Rumors are flying about Amazon’s likely next location (or locations) for its second headquarters (HQ2). I was lucky enough to sit down with PayScale’s Lead Economist and VP of Data Analytics, Katie Bardaro to discuss their research into HQ2 and related talent considerations.
You can view their report here.
HR Daily Advisor: Amazon’s Jeff Bezos is rumored to announce the location for their second headquarters soon. And while there is no company like Amazon, many can take lesson from their major consideration: the availability of talent. What did your research show about the importance of this consideration?
Bardaro: In today’s tight talent market, access to needed jobs and skills is a critical consideration to building up a new location for any company. In the case of Amazon, the jobs and skills of interest to them are in high-demand, but low-supply. They are niche, hot skills that face strong competition. In order to successfully kick off a new location, access to a ready-made talent pool is pivotal to its success.
HR Daily Advisor: What other considerations were highlighted in your report for organizations that are looking to expand into a new location?
Bardaro: Three other considerations we included in our report are the percent of dissatisfied workers, the gender breakdown of the jobs of interest, and median pay rates. When organizations are looking to expand into a new location, access to talent will depend on not only the supply but how dissatisfied that talent is with their current employer. Those who are dissatisfied are more likely to be poach-able. In terms of gender, many organizations are focusing on gender equity when it comes to compensation and opportunities so having an understanding of access to women in needed roles helps them to address these issues head-on. Lastly, compensation is an important factor for any organization to consider when it looks into expanding as labor costs are often some organizations’ highest costs.
HR Daily Advisor: How will organizations with the same location as amazons HQ2 be impacted? How worried should they be?

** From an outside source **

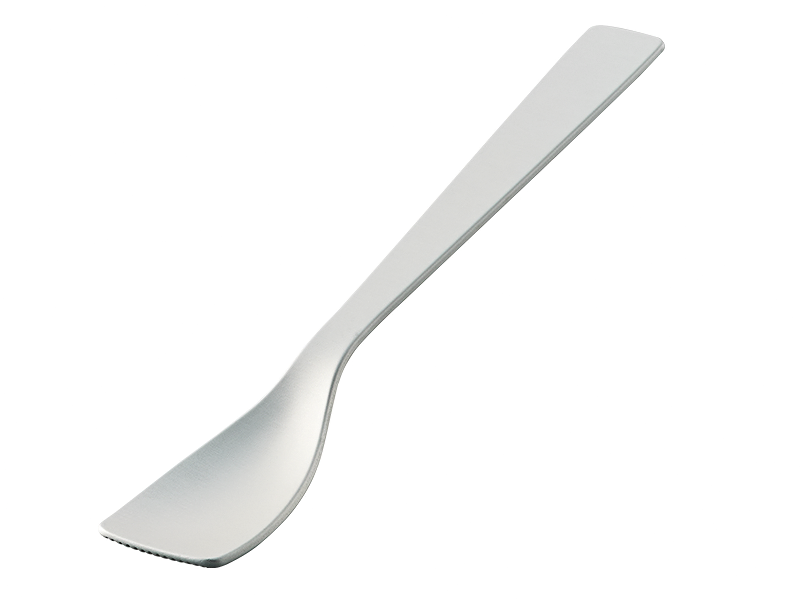 アイスクリームスプーン　ラージ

Bardaro: Organizations located in the same place as HQ2 will now be competing with a tech juggernaut who offers numerous benefits and competitive wages. These organizations will want to ensure they are using fresh market data to attract and retain employees in key positions. We are in a seller’s market when it comes to labor in that the unemployment rate is incredibly low and competition for needed talent is quite high. Compensation can be a pivotal part of the equation when it comes to talent strategy. Further, organizations will want to do a pulse check on the rate of dissatisfaction among their current workforce—those who are dissatisfied pose the greatest attrition risk so detecting and addressing this quickly is necessary.
HR Daily Advisor: I was told that you were able to calculate what percentage of workers in a specific talent pool across 20 metro locations were dissatisfied with their current employer. How did you make that determination? What lessons can organizations take from your analysis?
Bardaro: The percent of workers in the talent pool in the given locations were calculated as the percentage of respondents who answered “Strongly Disagree” or “Disagree” to the statement, “I am extremely satisfied working for my employer.” See above about the risks of having a dissatisfied workforce when competing with Amazon.
HR Daily Advisor: Your research revealed that gender equity is likely an important factor in Amazon’s HQ2 location choice. Can you us a little bit more about that?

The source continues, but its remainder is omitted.